Design Considerations for VPCs on AWS
Experiences of building VPCs
Few areas of cloud infrastructure are more important to get right from the start than the IP address layout of one’s Virtual Private Cloud (VPC). VPC design has far-reaching implications for scaling, fault-tolerance and security. It also directly affects the flexibility of your infrastructure: paint yourself into a corner, and you’ll spend ungodly amounts of time migrating instances across subnets to free up address space.
Fortunately, it’s easier to lay out a VPC the right way than the wrong way. You just have to keep a few principles in mind.
Proper subnet layout is the key to a well-functioning VPC. Subnets determine routing, Availability Zone (AZ) distribution, and Network Access Control Lists (NACLs).
The most common mistake I’ve observed around VPC subnetting is the treatment of a VPC like a data centre network. VPC’s are not data centres. They are not switches. They are not routers. (Although they perform the jobs of all three.) A VPC is a software-defined network (SDN) optimised for moving massive amounts of packets into, out of and across AWS regions. Your packet is picked up at the front door and dropped off at its destination. It’s as simple as that.
Because of that simplicity, a number of data centre and networking-gear issues are eliminated at the outset.
A bit of history: when I first started building data centres in the 90’s, we had 10 Mb/s ethernet switches. Ethernet uses Address Resolution Protocol (ARP) broadcasts to determine who’s where in the switch fabric. Because of that, network segments are chatty in direct proportion to the number of hosts on the broadcast domain. So anything beyond a couple hundred hosts would start to degrade performance. That, combined with the counter-intuitive nature of IPv4 subnet math, led to the practical effect of everyone using 24-bit subnets for different network segments. Three-octet addresses seemed to sit right in the sweet spot of all the constraints.
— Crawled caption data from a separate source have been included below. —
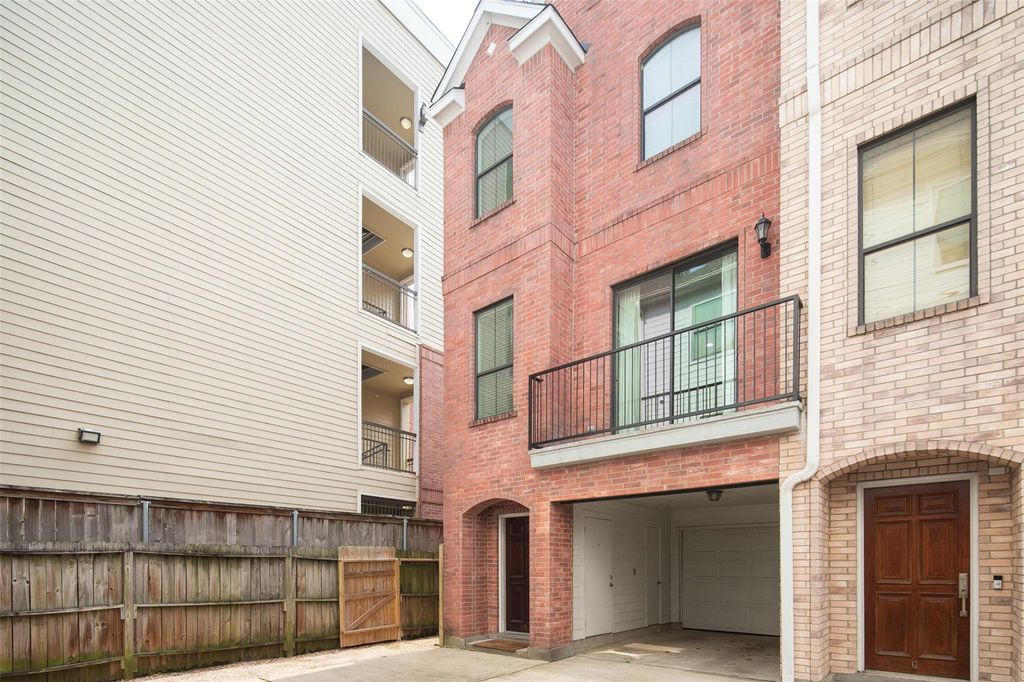 Photo of 202 Mcgowen Street #F, Houston, TX 77006 (MLS # 74373730)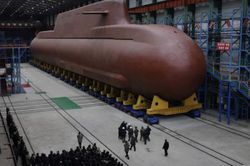 Ông Kim Jong Un thị sát công trường đóng tàu ngầm hạt nhân nặng 8.700 tấn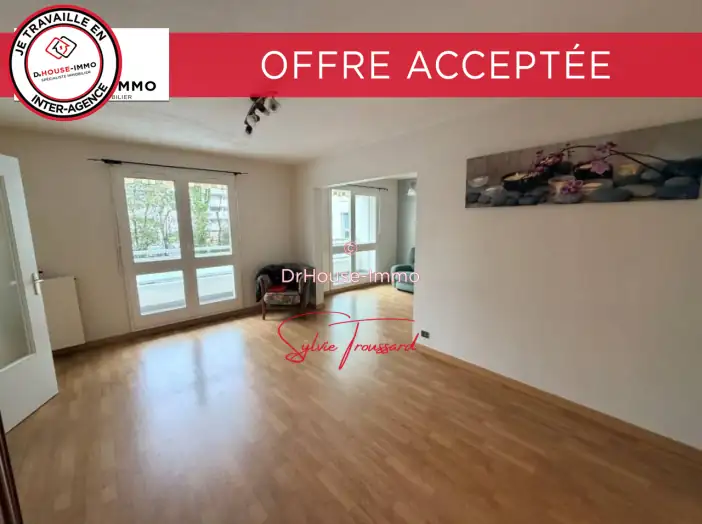 Appartement 4 pièces de 76 m² - Le Bouscat (33110)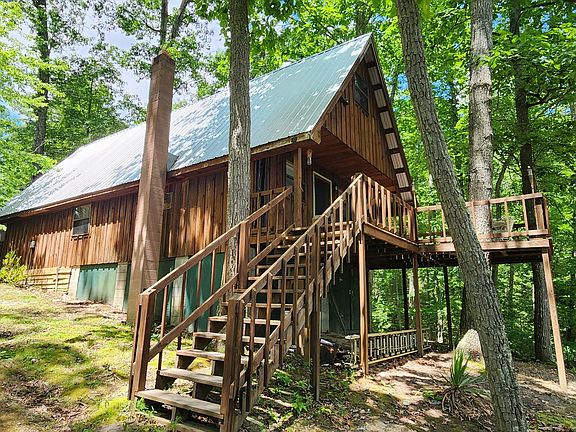 4th image of 100 Cowboy Ln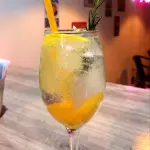 SODA DE DURAZNO Y ROMERO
That thinking is no longer valid in a cloud environment. VPCs support neither broadcast nor multicast. What looks like ARP to the OS is actually the elegant function of the SDN. With that in mind, there is absolutely no reason to hack a VPC into 24-bit subnets. In fact, you have an important reason not to: waste. When you have a “middle-tier” subnet with 254 addresses available (or 128 or 64 or 32 or 16) and you only have 4 middle-tier hosts, the rest of those addresses are unavailable for the remainder of your workloads.
If instead you have a mixed-use subnet with 4,094 addresses, you can squeeze every last IP for autoscaling groups and more. Thus it behooves you to make your subnets as large as possible. Doing so gives you the freedom to dynamically allocate from an enormous pool of addresses.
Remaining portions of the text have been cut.